E’ l’ottobre del 1947. Primo giorno di scuola all’Istituto Galileo Galilei, in viale Manzoni. Sono affascinato dalla originalità della scuola. Occupa un grande isolato, ha tante aule e tante officine con macchine per le più diverse lavorazioni. Ogni studente, in ogni officina, ha il suo spazio di lavoro e le sue attrezzature; ci sono la falegnameria, la fucina, la fonderia, la torneria, l’officina impianti elettrici, la radiotecnica. Nell’officina più grande ci sono un aereo di linea, un caccia e un idrovolante per i “costruttori aeronautici”. C’è anche un’officina adibita a "deposito biciclette". Dopo la visita iniziale, riunione in aula magna. Parla il Preside ai futuri studenti iscritti alla prima classe. Dice più o meno così:
“Ragazzi, questa scuola è durissima; avrete, ogni giorno, sette ore di cinquanta minuti, dovrete studiare sempre e tanto. Le prime classi arrivano alla lettera “Q”, le seconde, dovranno arrivare ad “E”. Chi verrà bocciato dopo avere frequentato la prima classe, dovrà lasciare la scuola, non potrà ripetere”. (alcuni “Flash")
Inizia così un quinquennio scolastico con tanti esami di riparazione a ottobre e una bocciatura non avendo riparato, in settembre, tre materie di officina più la “storia”. Il “sette”, sia nello scritto che nell’orale è un voto eccezionale, per tutti. Tanto meno sulla pagella. La scuola è dura fino all’ultimo anno quando prendo il diploma, ad ottobre, perché rimandato in “macchine elettriche” con 5.
Mentre i miei amici scouts e di quartiere, sempre puliti, studiano latino, greco, filosofia, storia dell’arte ed altro io fatico, nei corsi estivi, anche fisicamente, per riparare, le materie di officina.
Sei anni terribilmente formativi nel fisico e nella mente. Vado bene nell’italiano scritto, nella matematica e nella fisica, ma finisco ad ottobre in storia perché odio le date. L’immagine che do con l’italiano scritto, mi fa vivere di rendita nell’orale e nella storia.
Mi piace lo sport: il calcio e l’atletica che pratico (partendo dal Flaminio) andando in bicicletta fino allo Stadio delle Terme di Caracalla, l’unico stadio per l’atletica esistente a Roma. Sono felice quando la mia squadra vince il campionato interparrocchiale di Roma.
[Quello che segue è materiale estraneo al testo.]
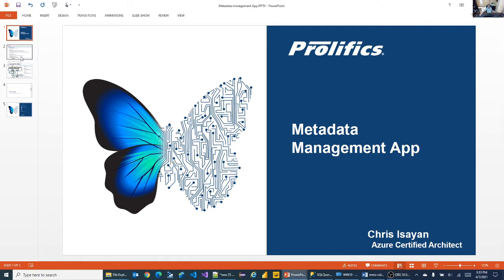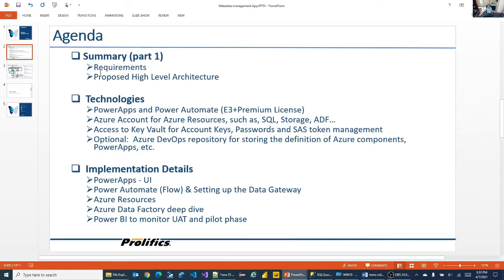Let's take a look at the agenda and get an idea of what's coming up next. We already talked about the requirements and we'll go over them one more time. The main focus of this part is the high-level architecture — technologies and implementation details will come next, even though the high-level architecture gives you a glimpse of the technologies used.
Nel 1951 frequento il IV istituto e nascono i primi campionati studenteschi. Sono fortunato perché, pur essendo terminata la guerra da pochi anni, gioco al calcio ai Cavalieri di Colombo. Corro e sono in forma. Partecipo ai campionati della scuola ed avrò le prime medaglie della mia vita (le ho ancora, 57 anni dopo).

Gli scouts mi portano oltre la città di Roma, alla passione per la montagna e a godere l’ebbrezza di alcune cime tra cui il Monte Rosa (m. 4559) l’Adamello (m. 3539), la Presanella (m. 3558).

Sono un ragazzo alla ricerca di un’identità e di ideali verso i quali zio Gino aveva già avviato il mio pensiero. Pur essendo uno scout, nel 1952, mi iscrivo, di nascosto, alla FGS (Federazione Giovanile Socialista) che ha sede vicino casa. La FGS, in quegli anni, è considerata dai media poco meno che un covo di mascalzoni perché il Partito Socialista è all’opposizione del governo (a maggioranza DC dal 1948) assieme al Partito Comunista.
In famiglia, con mamma, mio fratello e nonna c’è serenità. Intorno ai sedici anni, in cambio di alcune lezioni di latino impartite da mio fratello, entra in casa la prima chitarra, uno strumento che, sessantanni dopo, mi farà ancora compagnia. Già, la chitarra… in un piccolo mondo di fisarmonicisti! Apprezzo questo strumento quando, in un giorno di sciopero per l’italianità di Trieste, un compagno di classe viene a scuola con la chitarra e andiamo tutti a cantare a Colle Oppio. La chitarra mi fa sognare. Canterò e accompagnerò la mia voce senza l’aiuto di nessuno. Ma questa è un’altra storia.
A ottobre del 1953 sono un Perito Industriale Elettrotecnico che dovrà cercare subito un lavoro per aiutare la madre, vedova, che mantiene la propria madre e il fratello minore.
Prendo coscienza della situazione: dovrò essere al più presto autosufficiente e di aiuto a mamma e mio fratello minore.